* **ABOUT THIS EXERCISE**
Starting at the line that contains "картинка Корпус XASTRA" and stopping after the line that contains "ミラコスタのテラスルーム ハーバービュー 宿泊レポ 眺め 位置 部屋数 料金を解説 ミラコスタのテラスルーム", transcribe the listing below exactly; do not include any pictures.

RECORDS START

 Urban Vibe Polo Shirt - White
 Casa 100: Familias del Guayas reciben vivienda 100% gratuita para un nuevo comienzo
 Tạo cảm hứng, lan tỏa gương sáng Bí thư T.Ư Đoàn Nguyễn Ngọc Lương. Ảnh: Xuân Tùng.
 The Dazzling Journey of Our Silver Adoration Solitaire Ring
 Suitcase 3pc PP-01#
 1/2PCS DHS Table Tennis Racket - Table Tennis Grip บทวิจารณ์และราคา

RECORDS END
RECORDS START

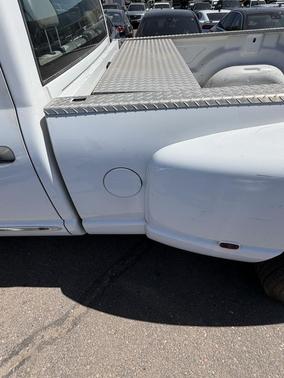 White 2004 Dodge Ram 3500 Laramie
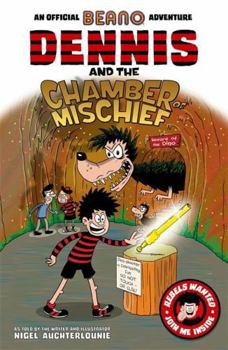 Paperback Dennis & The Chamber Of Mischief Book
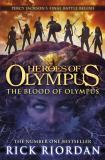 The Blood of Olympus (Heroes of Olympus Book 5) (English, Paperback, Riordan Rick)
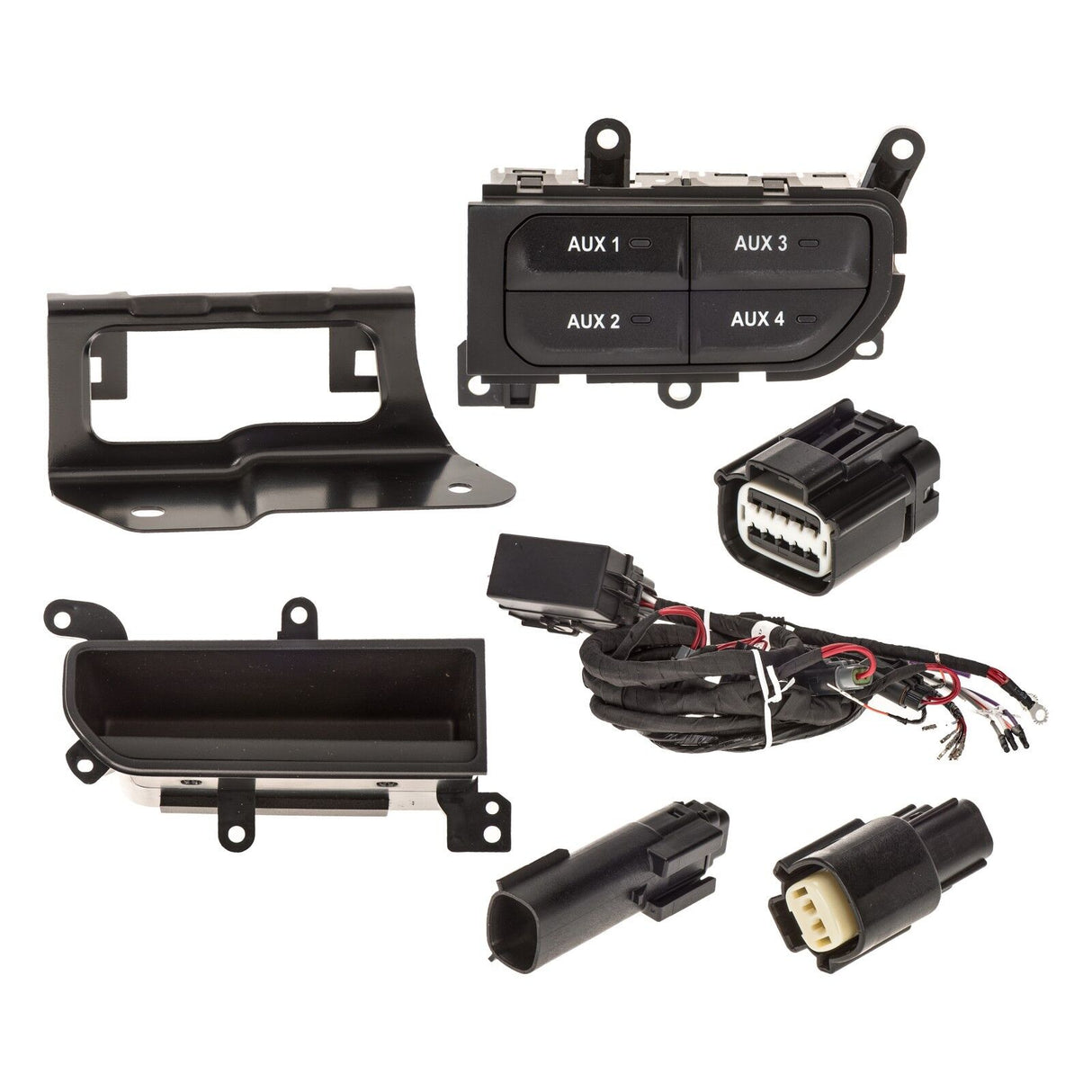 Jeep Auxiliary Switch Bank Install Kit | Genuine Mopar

RECORDS END
RECORDS START

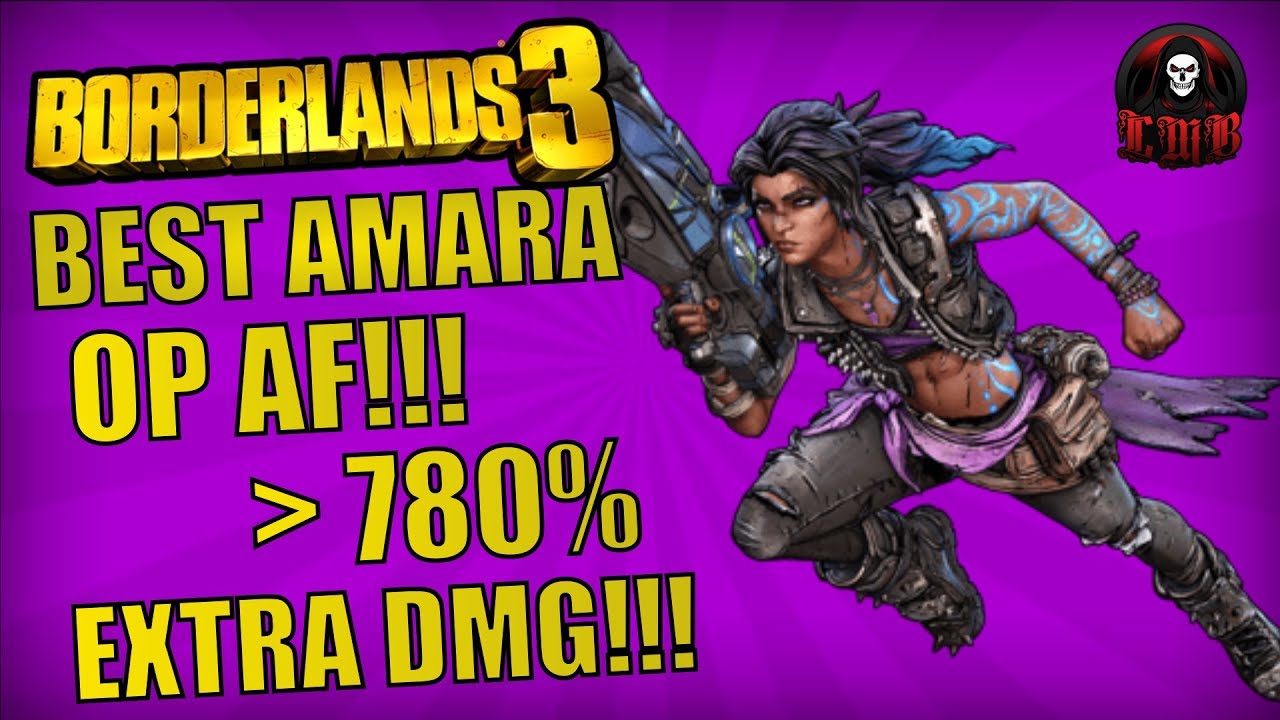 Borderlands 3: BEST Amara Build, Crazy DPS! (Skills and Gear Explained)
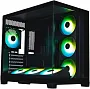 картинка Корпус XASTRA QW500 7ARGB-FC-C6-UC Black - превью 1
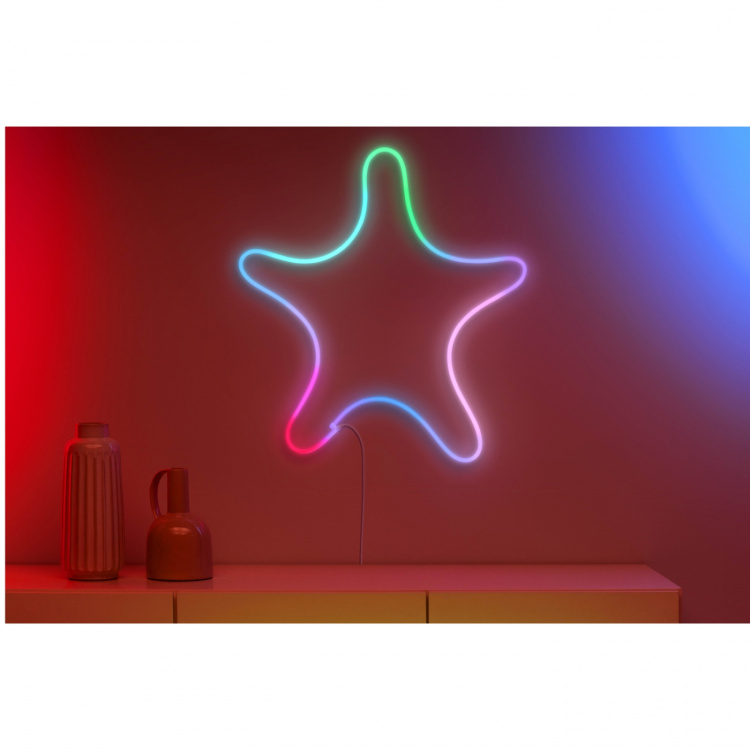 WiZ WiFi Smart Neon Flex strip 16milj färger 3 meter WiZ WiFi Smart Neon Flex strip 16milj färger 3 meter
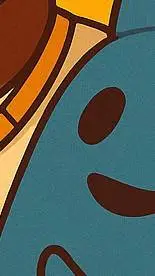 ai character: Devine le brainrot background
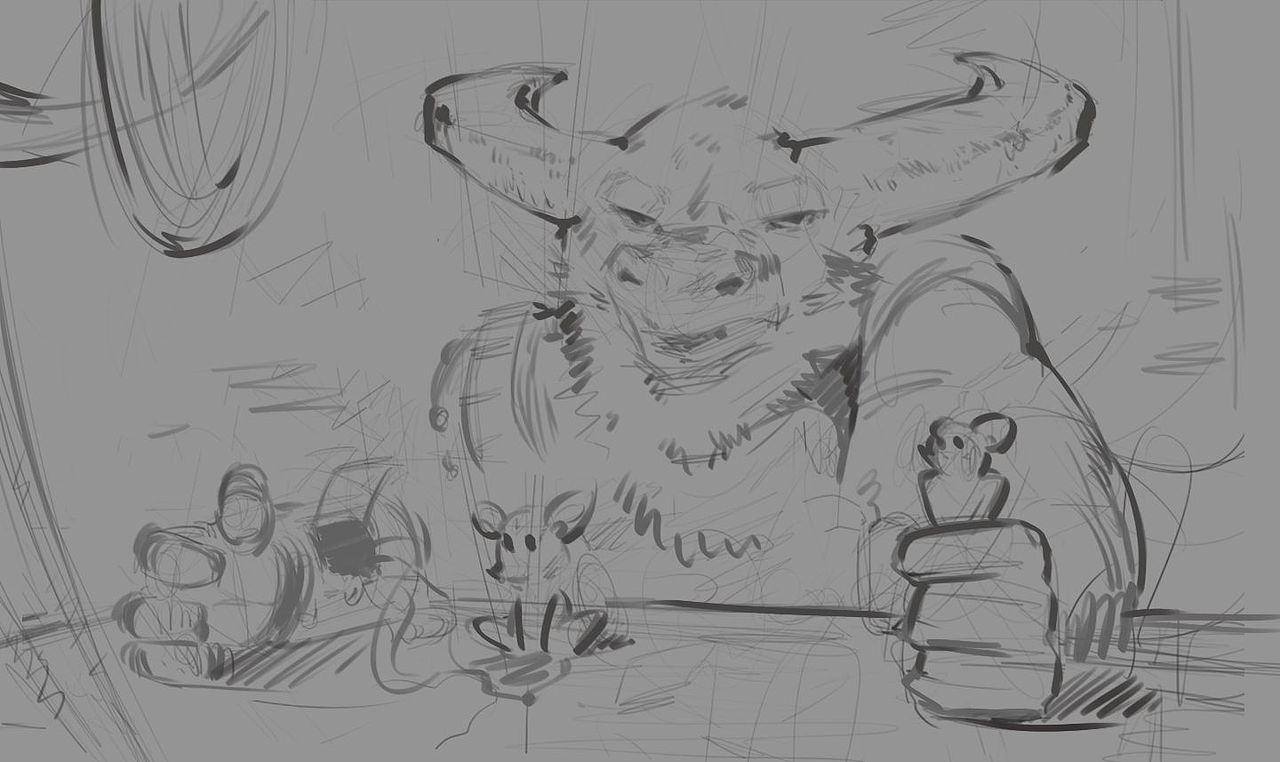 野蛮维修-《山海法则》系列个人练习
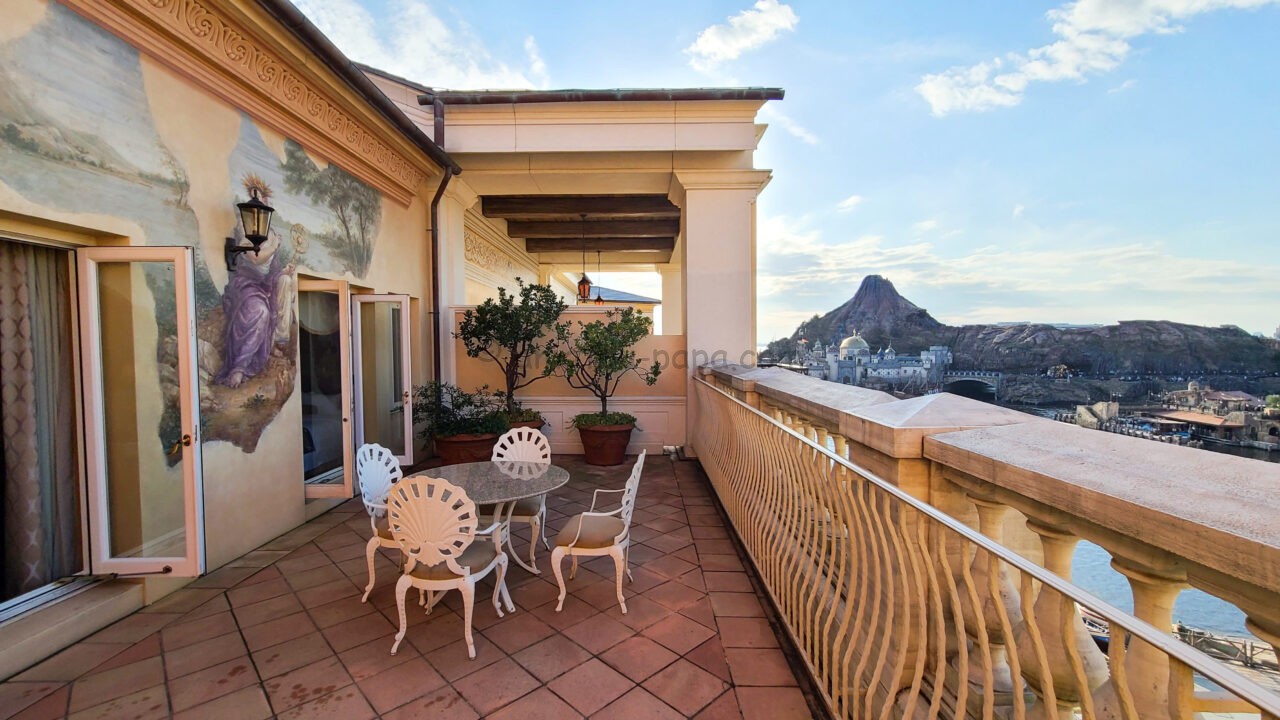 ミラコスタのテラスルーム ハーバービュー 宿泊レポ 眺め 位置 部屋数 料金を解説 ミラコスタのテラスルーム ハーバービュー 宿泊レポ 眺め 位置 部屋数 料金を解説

RECORDS END

* **TASK SOLUTION**
 картинка Корпус XASTRA QW500 7ARGB-FC-C6-UC Black - превью 1
 WiZ WiFi Smart Neon Flex strip 16milj färger 3 meter WiZ WiFi Smart Neon Flex strip 16milj färger 3 meter
 ai character: Devine le brainrot background
 野蛮维修-《山海法则》系列个人练习
 ミラコスタのテラスルーム ハーバービュー 宿泊レポ 眺め 位置 部屋数 料金を解説 ミラコスタのテラスルーム ハーバービュー 宿泊レポ 眺め 位置 部屋数 料金を解説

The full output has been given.